6.1.1. Satelliet
Stel hier de satellietpositie in die u met u satelliet-installatie kunt ontvangen.
> Selecteer de optie „Satelliet“ met behulp van de pijltoetsen omhoog/omlaag
> Selecteer met behulp van de pijltoetsen links/rechts de satellieten welke u met uw
installatie kunt ontvangen.
of
> Druk op de OK toets. Er wordt een lijst met aanwezige satellieten geopend, die u via
de pijltoetsen omhoog/omlaag kunt kiezen. Bevestig vervolgens met OK.

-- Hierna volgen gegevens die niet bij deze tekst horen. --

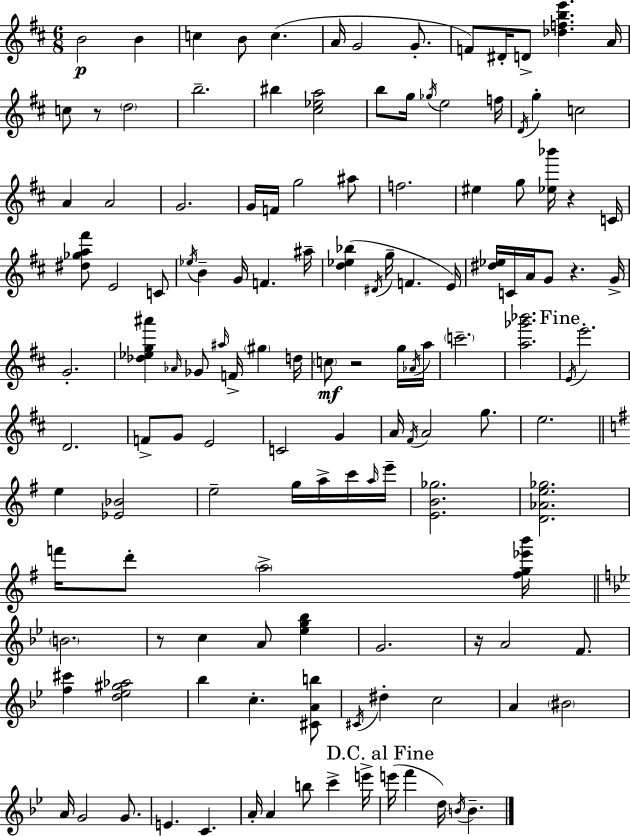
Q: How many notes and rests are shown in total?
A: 135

Als een of meerdere satellieten niet in de lijst aanwezig zijn kunt u nieuwe satellietposities
onder de menu-optie “Satellietenlijst” (zie paragraaf 6.2) invoeren.
6.1.2. LNB type
Bij deze optie kunt u m.b.v. de pijltoetsen links/rechts het type LNB selecteren met welke
de satellietpositie ontvangen wordt.
6.1.3. LNB LOW / LNB High
Stel hier met behulp van de numerieke toetsen de voor deze LNB specifieke ZF-frequentie in
de high- en low band in.
6.1.4. 22 KHz
Met de 22 kHz-schakeling worden bij satellietinstallaties besturingen zoals Low- en High
band omschakeling gerealiseerd. Schakel met behulp van de pijltoetsen links/rechts het
22kHz-signaal aan, uit of op auto.
Deze functie kan alleen bij bepaalde LNB types geselecteerd worden.
6.1.5. DiSEqC instelling
In dit veld stelt u met behulp van de pijltoetsen links/rechts de satellietpositie in, die via
DiSEqC aangestuurd wordt. Deze instelling is afhankelijk van uw satellietinstallatie en de
bijbehorende componenten.
6.2. Satellietenlijst
> Selecteer via de pijltoetsen omhoog/omlaag de optie „Satellietenlijst“ en bevestig met
OK, de satellietenlijst wordt geopend.